I am trying to understand the process of model evaluation and validation in machine learning. Specifically, in which order and how the training, validation and test sets must be used.
Let's say I have a dataset and I want to use linear regression. I am hesitating among various polynomial degrees (hyper-parameters).
In this wikipedia article, it seems to imply that the sequence should be:
- Split data into training set, validation set and test set
- Use the training set to fit the model (find the best parameters: coefficients of the polynomial).
- Afterwards, use the validation set to find the best hyper-parameters (in this case, polynomial degree) (wikipedia article says: "Successively, the fitted model is used to predict the responses for the observations in a second dataset called the validation dataset")
- Finally, use the test set to score the model fitted with the training set.
However, this seems strange to me: how can you fit your model with the training set if you haven't chosen yet your hyper-parameters (polynomial degree in this case)?
I see three alternative approachs, I am not sure if they would be correct.
First approach
- Split data into training set, validation set and test set
- For each polynomial degree, fit the model with the training set and give it a score using the validation set.

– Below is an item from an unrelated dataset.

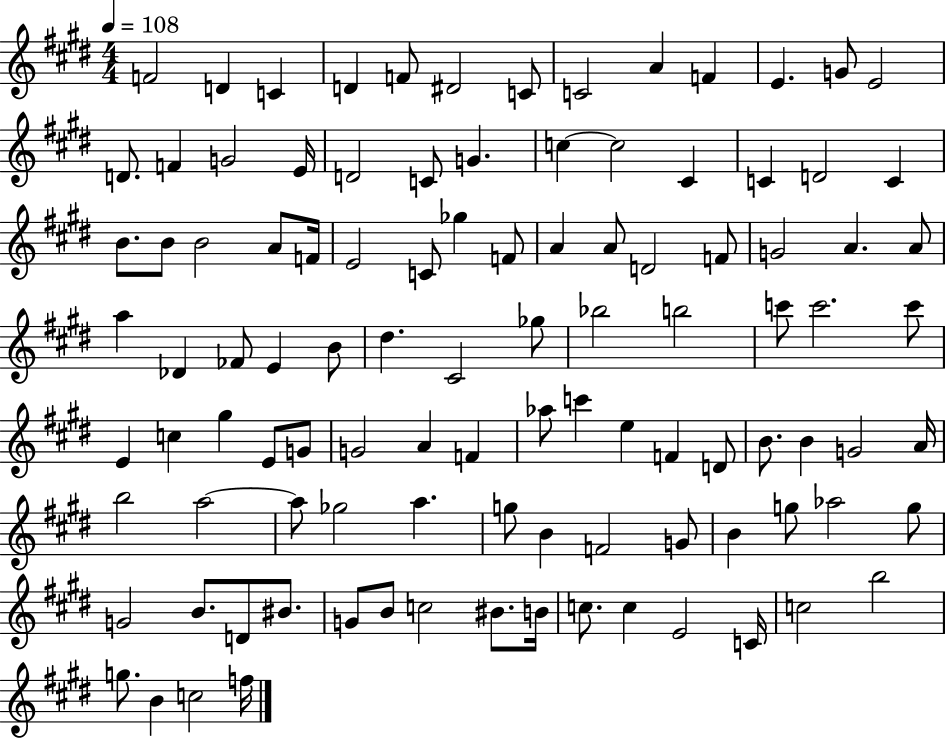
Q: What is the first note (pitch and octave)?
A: F4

- For the polynomial degree with the best score, fit the model with the training set.
- Evaluate with the test set
Second approach
- Split data into training set, validation set and test set
- For each polynomial degree, use cross-validation only on the validation set to fit and score the model
- For the polynomial degree with the best score, fit the model with the training set.

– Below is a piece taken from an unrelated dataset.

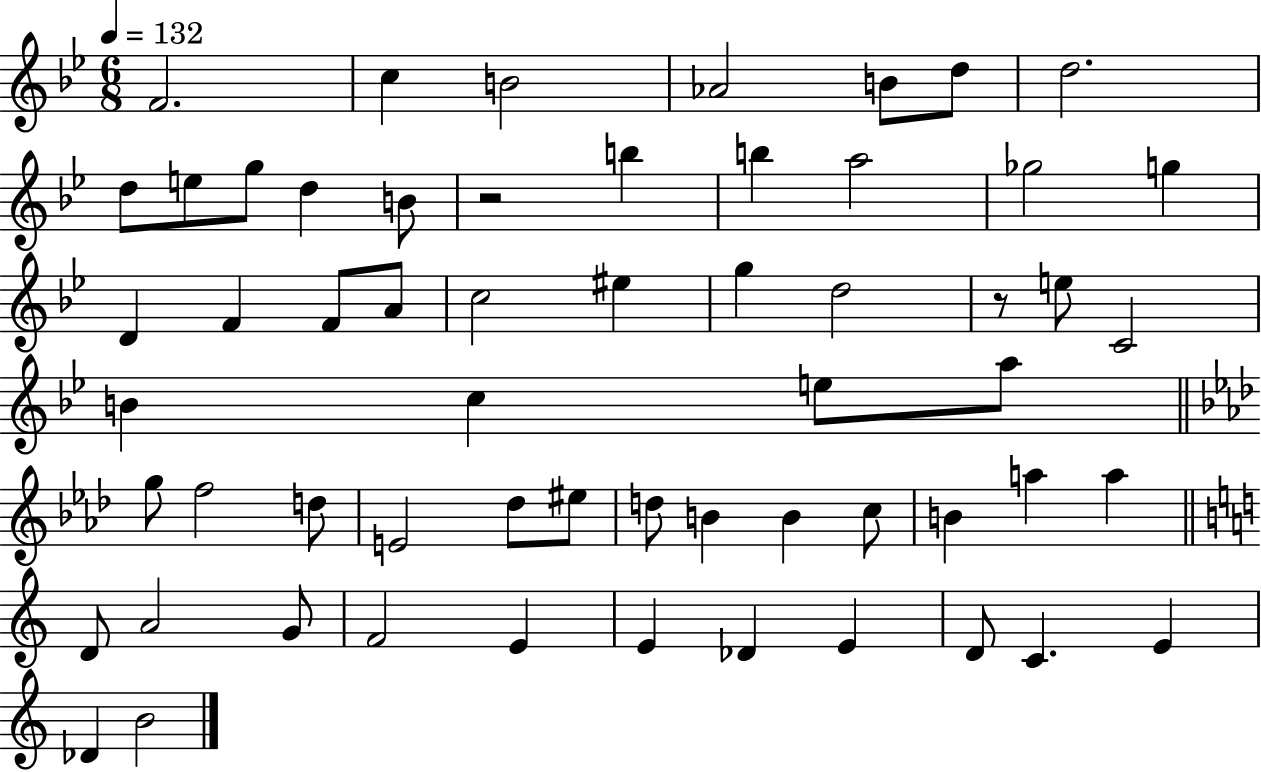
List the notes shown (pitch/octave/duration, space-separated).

F4/h. C5/q B4/h Ab4/h B4/e D5/e D5/h. D5/e E5/e G5/e D5/q B4/e R/h B5/q B5/q A5/h Gb5/h G5/q D4/q F4/q F4/e A4/e C5/h EIS5/q G5/q D5/h R/e E5/e C4/h B4/q C5/q E5/e A5/e G5/e F5/h D5/e E4/h Db5/e EIS5/e D5/e B4/q B4/q C5/e B4/q A5/q A5/q D4/e A4/h G4/e F4/h E4/q E4/q Db4/q E4/q D4/e C4/q. E4/q Db4/q B4/h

- Evaluate with the test set
Third approach
- Split data into only two sets: the training/validation set and the test set
- For each polynomial degree, use cross-validation only on the training/validation set to fit and score the model
- For the polynomial degree with the best score, fit the model with the training/validation set.
- Evaluate with the test set
So the question is:
- Is the wikipedia article wrong or am I missing something?
- Are the three approaches I envisage correct? Which one would be preferrable? Would there be another approach better than these three?